The Kansas beef industry represents a major economic activity in the
Kansas economy. In terms of gross cash receipts, the $4.07 billion of
cattle marketings represents 58 percent of all agricultural marketings
and 89 percent of livestock and poultry marketings for the most currently
available year. These percentages have remained relatively stable over
the past decade as crop prices and production levels in Kansas have
not fluctuated very dramatically. In recent years, levels of profitability
in the Kansas agricultural economy have been directly related to performance
in the livestock sector.
Although the beef feedlot industry is continuing to consolidate into
fewer and larger operations, the cow-calf sector remains quite dispersed.

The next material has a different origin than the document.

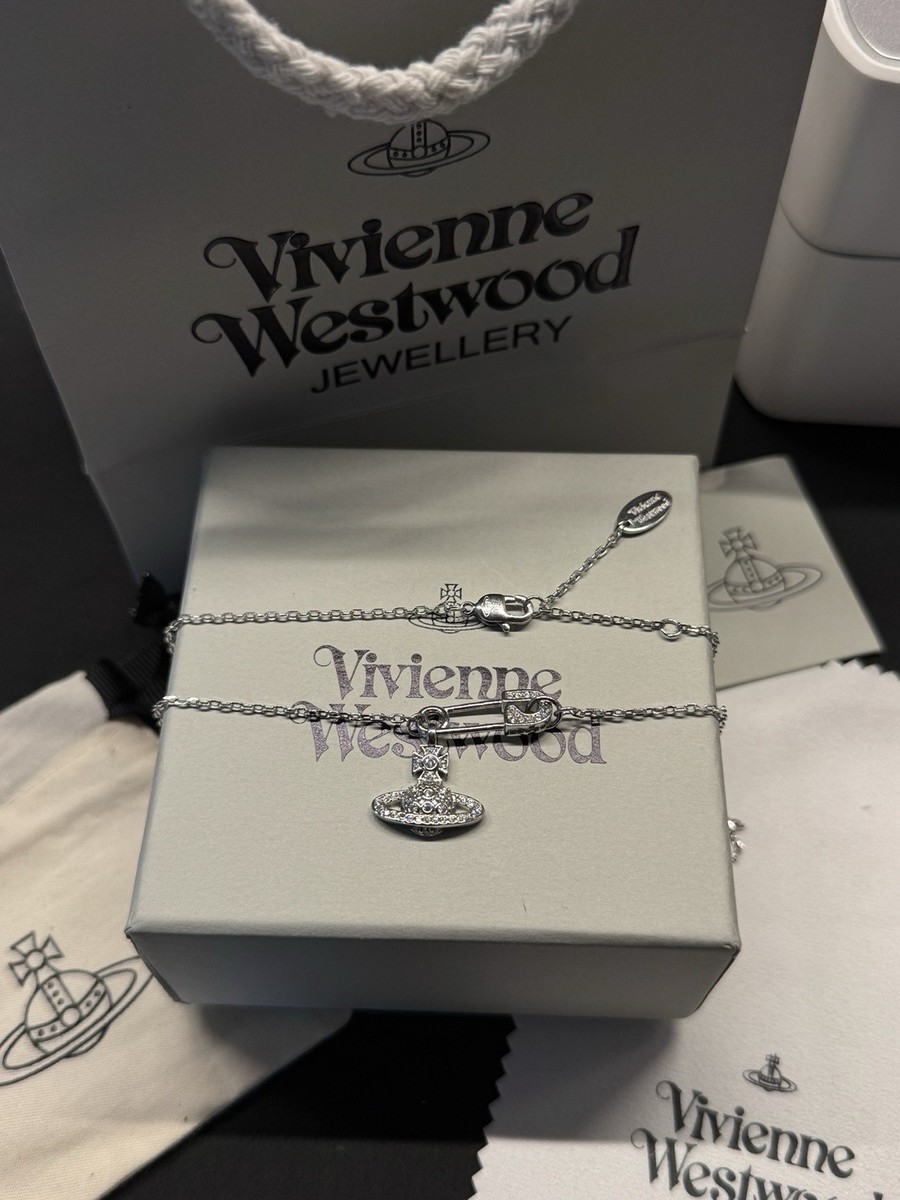 Vivienne Westwood Style Pin Mini Bas Relief Silver Crystal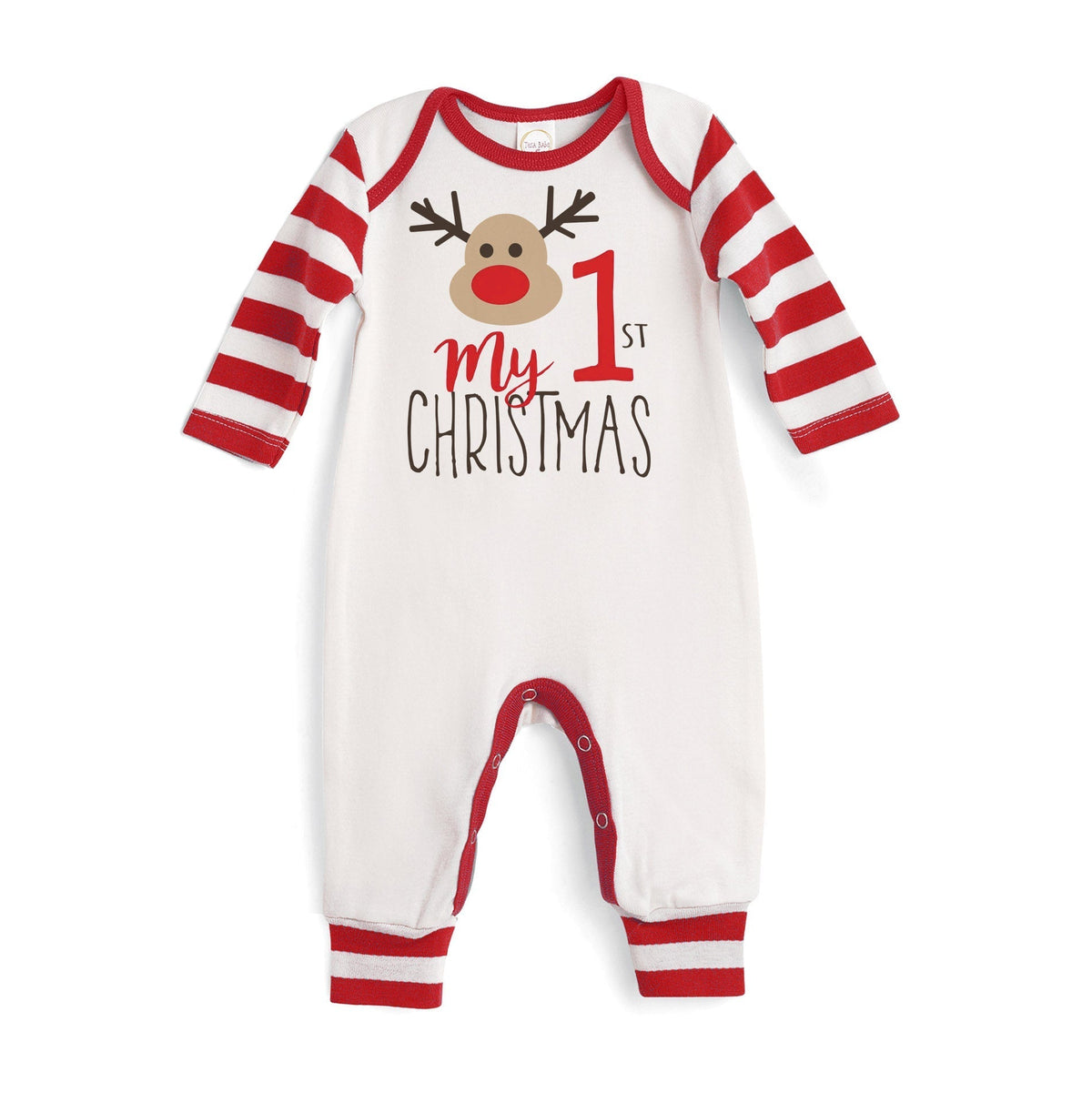 My 1st Christmas Striped Romper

The cow herd tends to locate near the low cost forages. The larger supplies
and lower prices associated with the cattle cycle point to a period
in which the less efficient producers may not survive and more efficient
operations will dominate the industry. While many inputs (feed, labor,
utilities, trucking, etc.) will still be provided locally, less will
be needed per unit of output. Because cattle production units will be
larger on average than they are today, total economic activity may remain
stable or increase for regions that have production units.
The beef industry is also slowly transforming from a commodity to
a production orientation with increased interest in value based marketing
and retained ownership. These trends will place greater value on superior
cattle and on information systems that will accurately relate value
through the marketing channel. New products will have to meet the requirements
for fresh, processed, HRI (Hotel, Restaurant, and Institutions), retail,
and international markets. As a result, the different segments of the
marketing channel will communicate more closely with one another. This
communication, either formal via specification contracts or informal,
will coordinate to deliver cattle with specific characteristics for
a given product line and synchronize production flow to more efficiently
utilize processing capacity. The additional handling and processing
associated with these new markets will mean additional value-added jobs
in Kansas' agri- industries.
The beef industry is also quickly evolving to an integrated forage
and beef system approach to production. Once the market place identifies
the genetic characteristics of cattle to fill a particular market niche,
the genetics will determine the needed nutrition, grazing and feeding
program. Using this system approach to beef production, Kansas producers
will remain competitive in the cattle industry and the global protein
These are a few of the
topics being discussed on our Forum.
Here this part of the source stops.